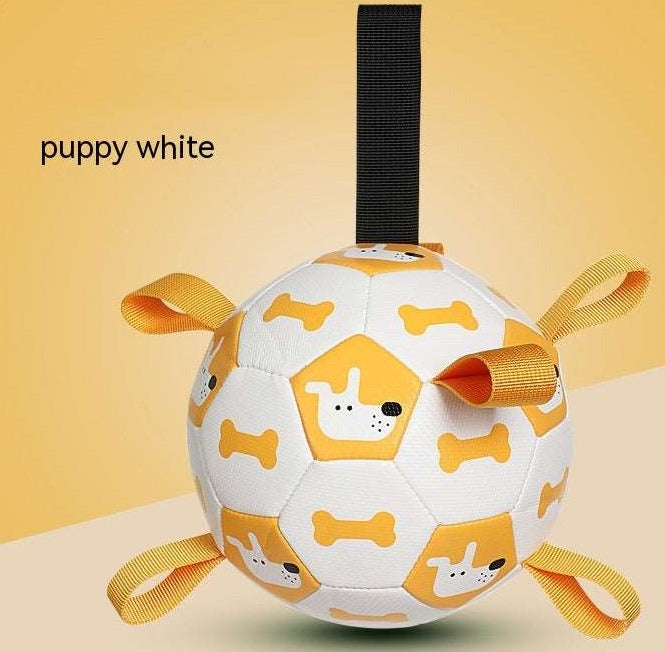 Dog Interactive Soccer Toys Dog for Training, Chewing, Teething - ChoreGirl
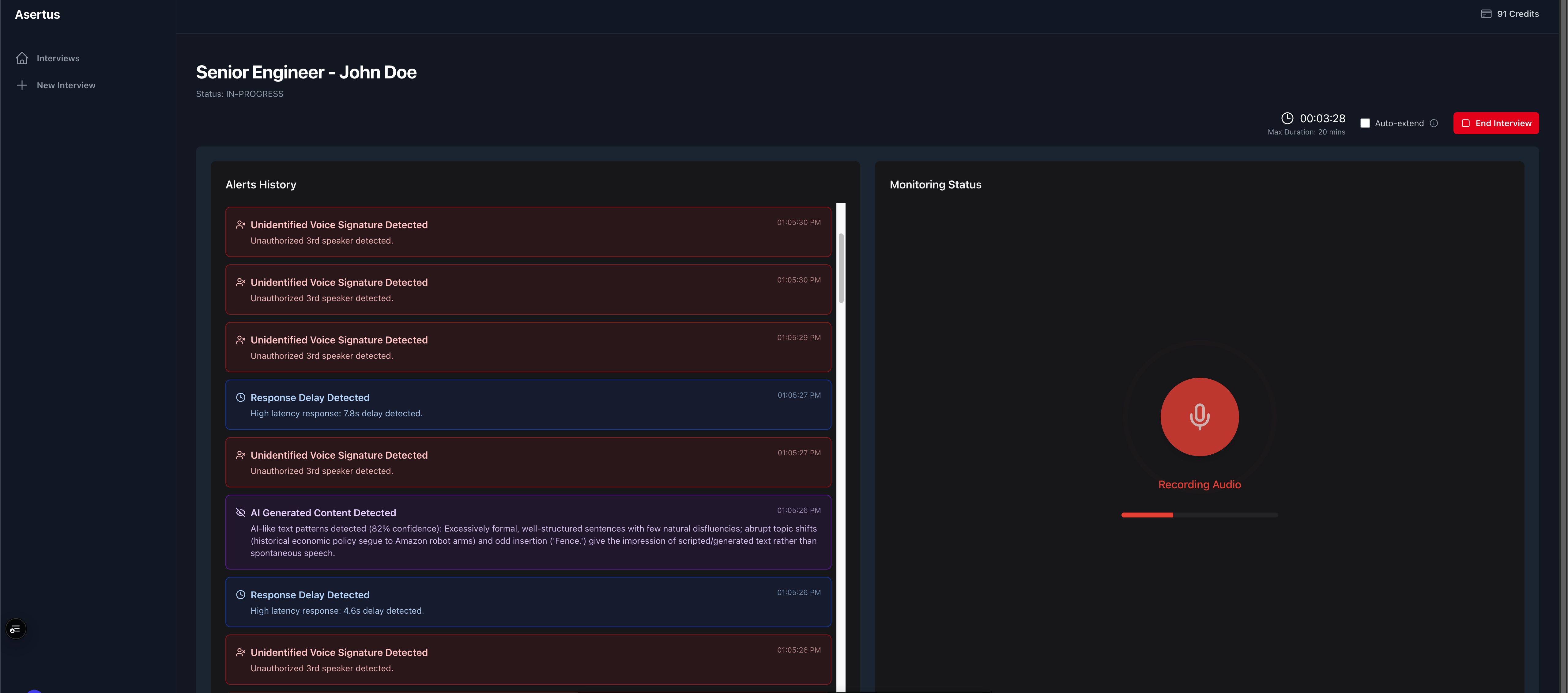 Asertus - Main product screenshot demonstrating key features and user interface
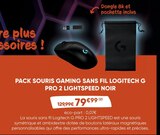 Pack souris gaming sans fil G PRO 2 LIGHTSPEED noir - LOGITECH en promo chez Fnac Pack souris gaming sans fil G PRO 2 LIGHTSPEED noir - LOGITECH dans le catalogue Fnac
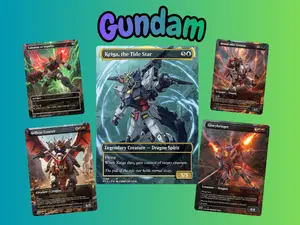 Gundam Waifu Proxy Deck | 100 Cards + Tokens | Full Commander EDH Experience
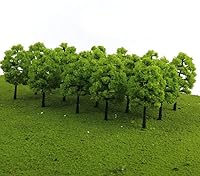 Vista 3 de 70-Pack Mixed Model Tree Train Trees Railroad Scenery Diorama Tree Architecture Trees for DIY Scenery Landscape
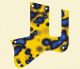 Blue Blotch on Yellow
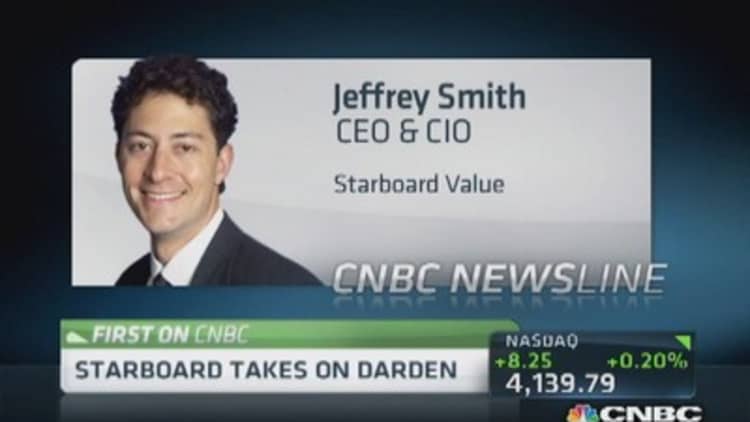 Starboard CEO: Darden 'egregious' corporate governance record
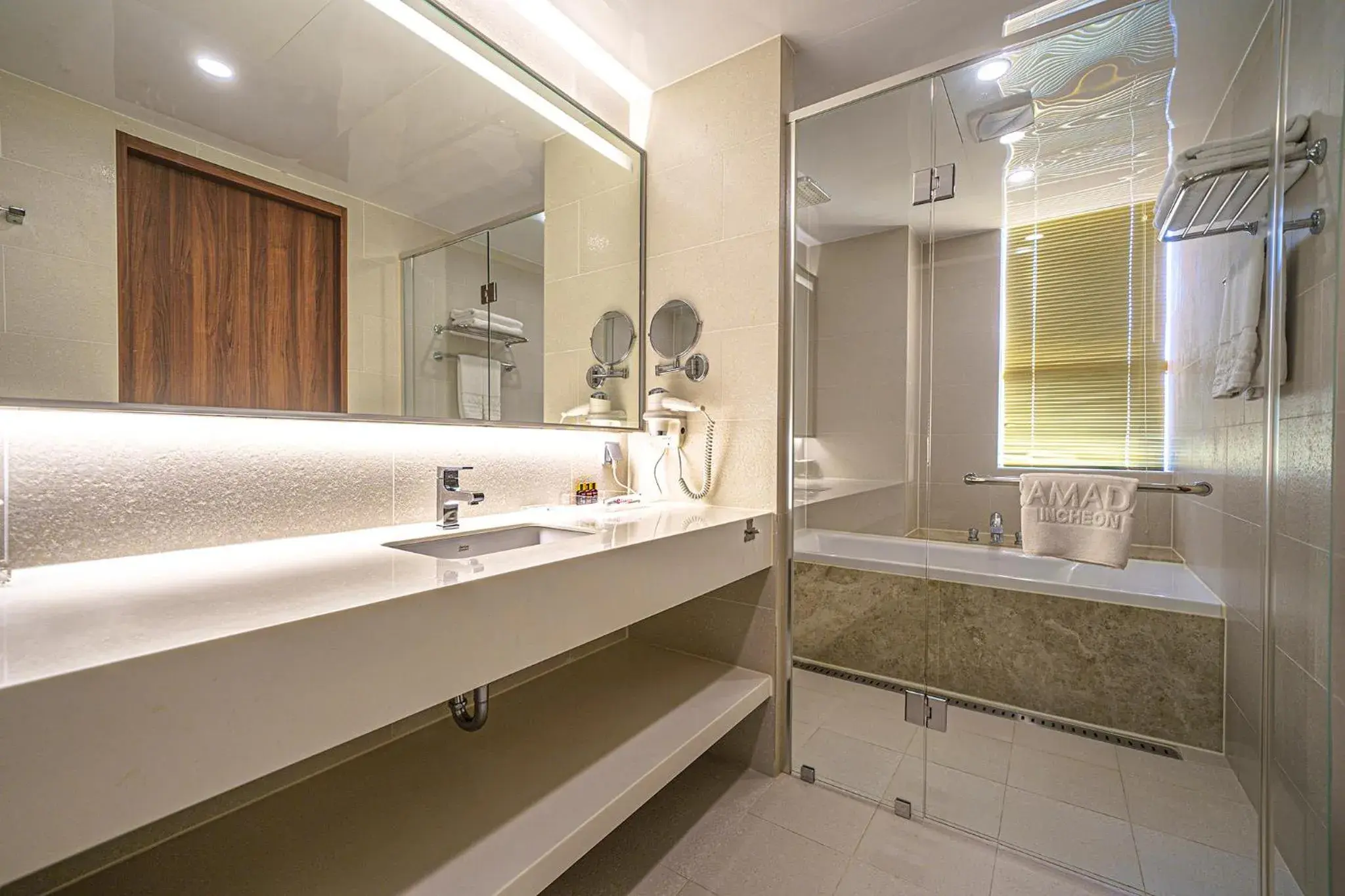 Bathroom in Ramada by Wyndham Incheon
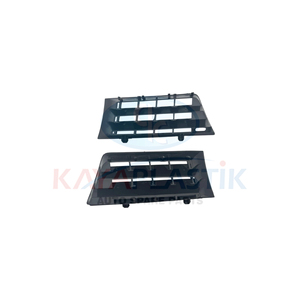 Set Griglia <span class=keywords><strong>Paraurti</strong></span> Anteriore per <span class=keywords><strong>Renault</strong></span> <span class=keywords><strong>Megane</strong></span> 2, Nuovo, in Plastica e ABS, Compatibile con il Numero di Parte 7701476893 - Product Image 6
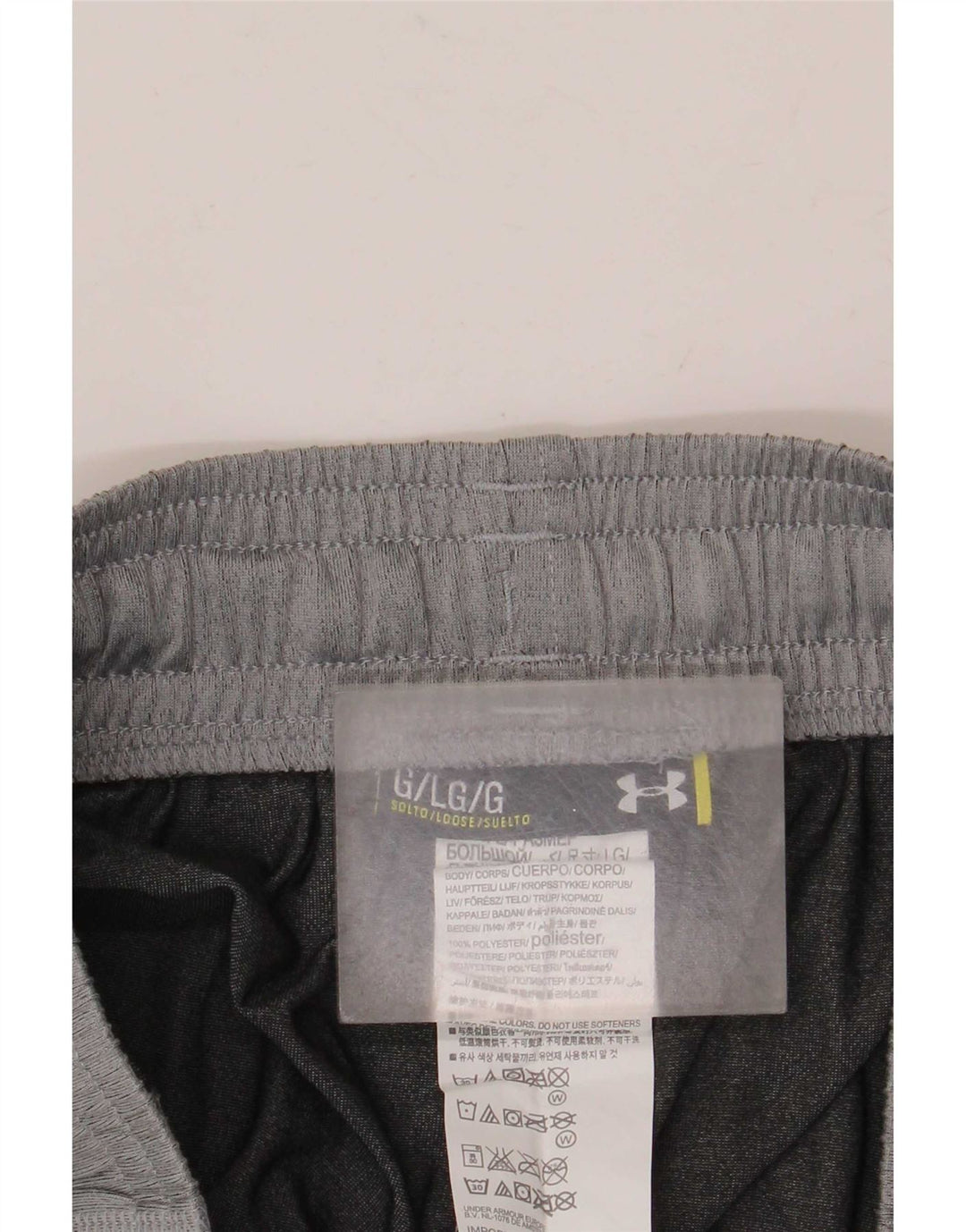 Мужские спортивные брюки Under Armour, большие серые, полиэстер с цветными блоками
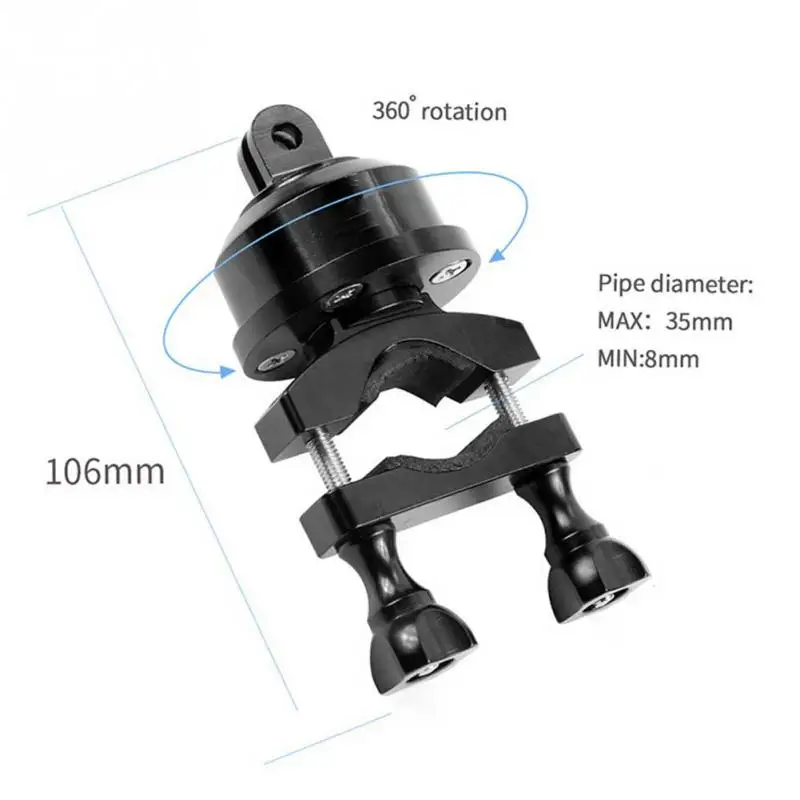 

Action Camera Holder Bicycle Helmet 360 Degree Automatic Rotation Aluminum Alloy Base Bracket for GOPRO Xiaoyi Sjcam
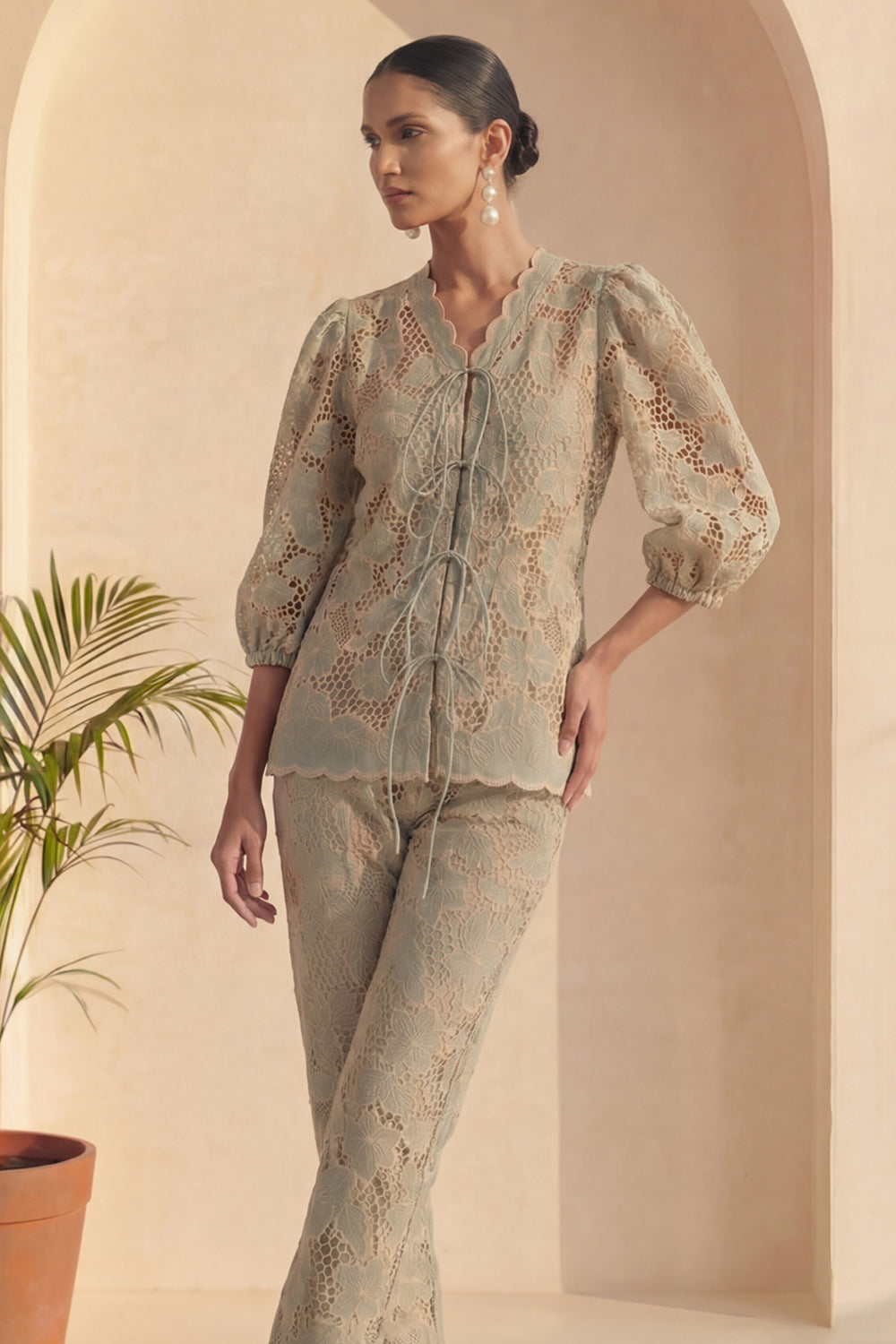 Sage Elan Co-ord Set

──────────────────────────────

## Brief
Your reply is to be an exact repeat of the listing above from the line holding "le catalogue Fnac" down to the line holding "Gundam Waifu Proxy", ends included, pictures excluded.

## Solution below
 Pack souris gaming sans fil G PRO 2 LIGHTSPEED noir - LOGITECH en promo chez Fnac Pack souris gaming sans fil G PRO 2 LIGHTSPEED noir - LOGITECH dans le catalogue Fnac
 Gundam Waifu Proxy Deck | 100 Cards + Tokens | Full Commander EDH Experience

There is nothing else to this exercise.